The UN summit on terrorism has instead just unanimously imposed ever tighter obligations on states to prevent the formation and proliferation of armed terrorist groups.
Nevertheless, at its Wales summit of 5 September, Nato - a defensive alliance operating within the confines of Article 51 - declared with reference to IS that "if the security of any ally is threatened, we will not hesitate to take all necessary steps to ensure our collective self-defence".
Finally, it would be possible to base a claim for action on the activities of IS in Syria itself.
The Syrian government is under the obligation to secure its population from crimes against humanity committed on its territory. Clearly, it is unable to do so, having lost control over areas occupied by IS.

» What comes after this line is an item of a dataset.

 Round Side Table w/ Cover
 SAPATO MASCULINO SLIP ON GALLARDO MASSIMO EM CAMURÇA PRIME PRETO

Hence, international action might be taken under the doctrine of humanitarian intervention to liberate the populations concerned from the grip of that movement.
Forcible humanitarian action has been employed in more than 20 cases since the conclusion of the Cold War. However, in most of these instances, a UN mandate offered legal cover. A Russian veto would be likely in this instance.
Unilateral humanitarian action remains contested among states and legal scholars. However, the increasing emphasis on the rights of peoples and populations over the abstract doctrine of sovereignty makes it possible to justify forcible action in extreme circumstances of humanitarian need.
It is not yet clear, however, whether this threshold, which is higher than a string of severe human rights violations, has been met. Reports concerning an outpouring of refugees from IS areas into Turkey and other neighbouring states suggest that such a case may well be credibly made over the coming weeks.
However, in this instance the motivation of the intervening states may be in question. It may appear as if the actual interest of the intervening state lies in securing regional, and their own, security from a threat posed by IS, rather than in alleviating the plight of the local population.
It is also not clear who would take over if IS was forcibly displaced from parts of Syria - the government or the opposition, or even an international force for a short period? As was the case with the UN mandated operation to protect the Libyan population from the carnage unleashed by Col Muammar Gaddafi in 2011, the issue is likely to become intertwined with the broader campaign for "regime change" in Syria.
In sum, short of forming an unsavoury alliance with the Assad government, the strongest legal basis for action against IS in Syria is ancillary to the campaign now being conducted in Iraq. This may also extend to other affected states, such as Jordan.
'Danger of extermination'
The theatre of operations may extend to parts of Syria as may be strictly necessary to conclude that campaign successfully.
Self-defence on the part of the intervening states would require more specific indications of an imminent threat of terrorist operations emanating from IS in Syria and amounting to an armed attack against them.
In the alternative, action can be taken on behalf of the people of Syria that have fallen under the control of IS if there is an imminent danger of their extermination or forced mass-displacement, or of violations of their most fundamental human rights in a gross and systematic manner amounting to a massive crime against humanity.
However, forcible humanitarian action could then hardly be limited to those portions of territory under IS control. A broader solution to the conflict in Syria would need to ensue.
Marc Weller is professor of International Law in the University of Cambridge and director of the Lautperpacht Centre for International Law. He is the editor of the Oxford University Press Handbook on the Use of Force in International Law, which will appear this November.